ASSIGNED TASK:
Please repeat every entry exactly as given, apart from dropping the images.

Segment Start: WORKING DATA

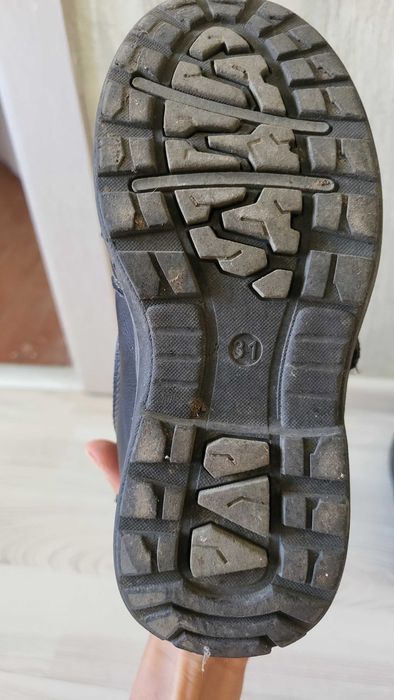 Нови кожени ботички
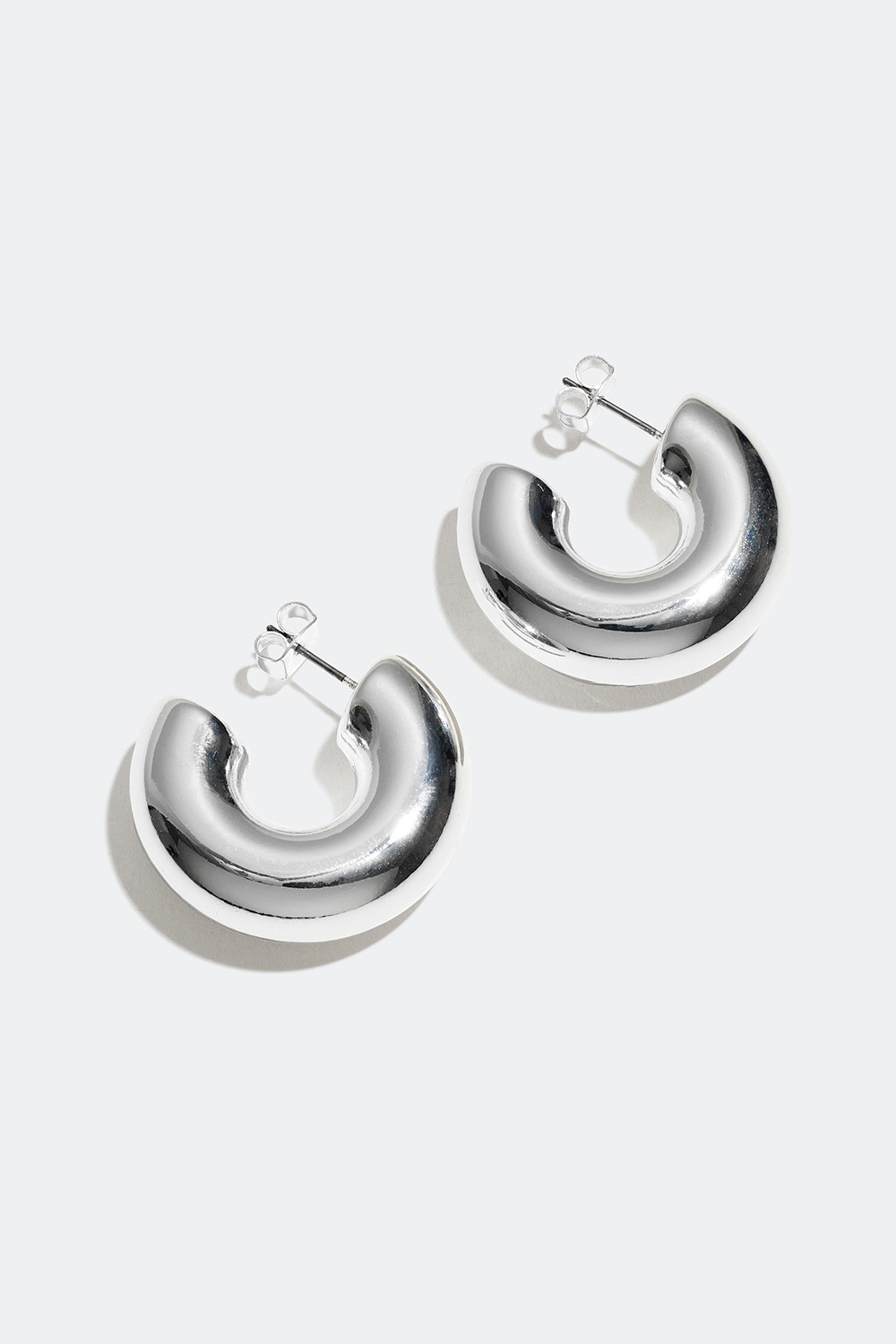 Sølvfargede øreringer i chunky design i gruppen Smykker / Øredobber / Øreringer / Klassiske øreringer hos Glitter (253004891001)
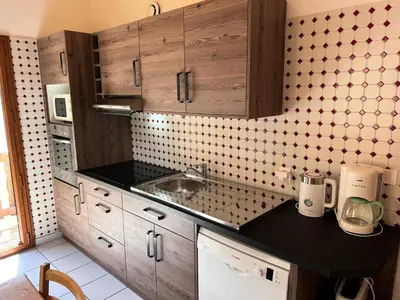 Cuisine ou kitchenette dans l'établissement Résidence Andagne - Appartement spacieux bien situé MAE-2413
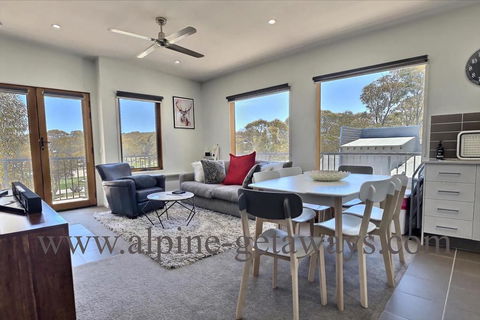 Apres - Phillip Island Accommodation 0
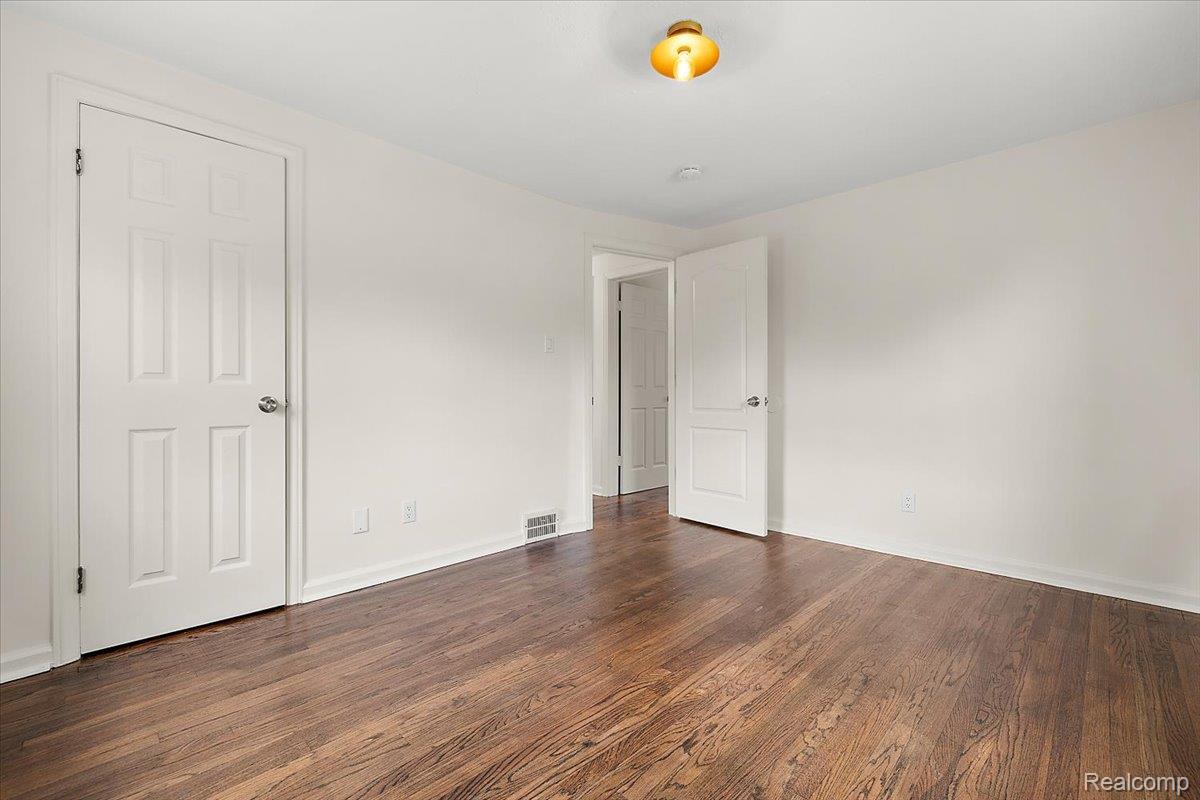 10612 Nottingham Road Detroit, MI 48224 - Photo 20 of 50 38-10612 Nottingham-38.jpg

Segment End: WORKING DATA

TASK OUTPUT:
 Нови кожени ботички
 Sølvfargede øreringer i chunky design i gruppen Smykker / Øredobber / Øreringer / Klassiske øreringer hos Glitter (253004891001)
 Cuisine ou kitchenette dans l'établissement Résidence Andagne - Appartement spacieux bien situé MAE-2413
 Apres - Phillip Island Accommodation 0
 10612 Nottingham Road Detroit, MI 48224 - Photo 20 of 50 38-10612 Nottingham-38.jpg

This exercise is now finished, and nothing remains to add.